The Senate Committee on Small Business and Entrepreneurship ("SBE") recently passed a compromise Small Business Innovation Research ("SBIR") reauthorization bill that would allow small companies that are majority-owned by venture capital firms to be eligible for SBIR awards.
According to the SBIR Reauthorization Insider, the SBIR/STTR Reauthorization Act (S. 3362) is a "completely new bill" that is "not related to H.R. 5819, the House’s SBIR/STTR Reauthorization Act passed in the House" back in April, 2008. The complete draft of the bill is attached.
According to the SBIR Reauthorization Insider, some of the highlights of this bill are as follows:
- Higher Award Amounts – The SBIR and STTR awards are increased to $150,000 in Phase One, $1 million in Phase Two, and are now able to exceed the guidelines by up to 50%.
- Increase in the SBIR/STTR Cap– The SBIR cap will be increased from 2.5% to 3.5% at a rate of .1% over 10 years.
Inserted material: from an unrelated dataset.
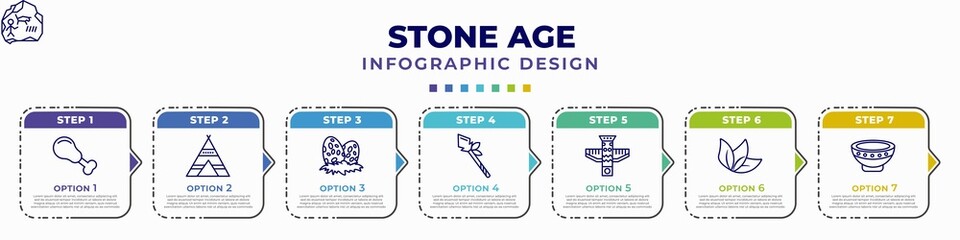 infographic template with icons and 7 options or steps. infographic for stone age concept. included chicken leg, tipi, diaur egg, spear, totem, leaf, plate editable vector. © IconArt
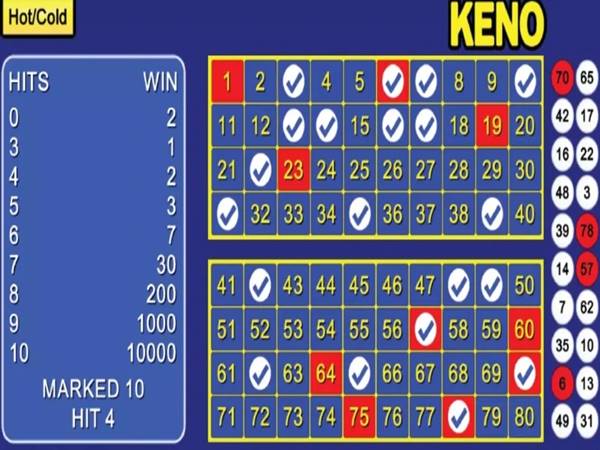Những điều mà bạn cần biết về xổ số Keno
The one exception is the NIH, which will stay at 2.5%. The STTR cap will double from 0.3% to 0.6% over 6 years.
- Venture Capital Eligibility-A "small business" that is majority owned and controlled by multiple VCs will be eligible to participate in the SBIR program under certain conditions. No single VC can own more than 49% of the small business entity; the VC must be a United States Venture Capital Company; the VC owned small business must register with the SBA when they submit an SBIR proposal. The NIH will be limited to awarding not more than 18% of their SBIR award funding to such VC owned small businesses, and the remaining 10 agencies are limited to 8%.
- Length of Reauthorization – The new bill would be reauthorized for fourteen (14) years, resulting in new sunset dates of September 30, 2022, for SBIR and September 30, 2023, for STTR.
- Crossover Between Agencies– The new bill would allow Phase One awards at one agency and Phase Two awards at another.
- Crossover Between SBIR and STTR Programs-The new bill would allow Phase One awards through the SBIR and Phase Two awards through the STTR, or vice versa.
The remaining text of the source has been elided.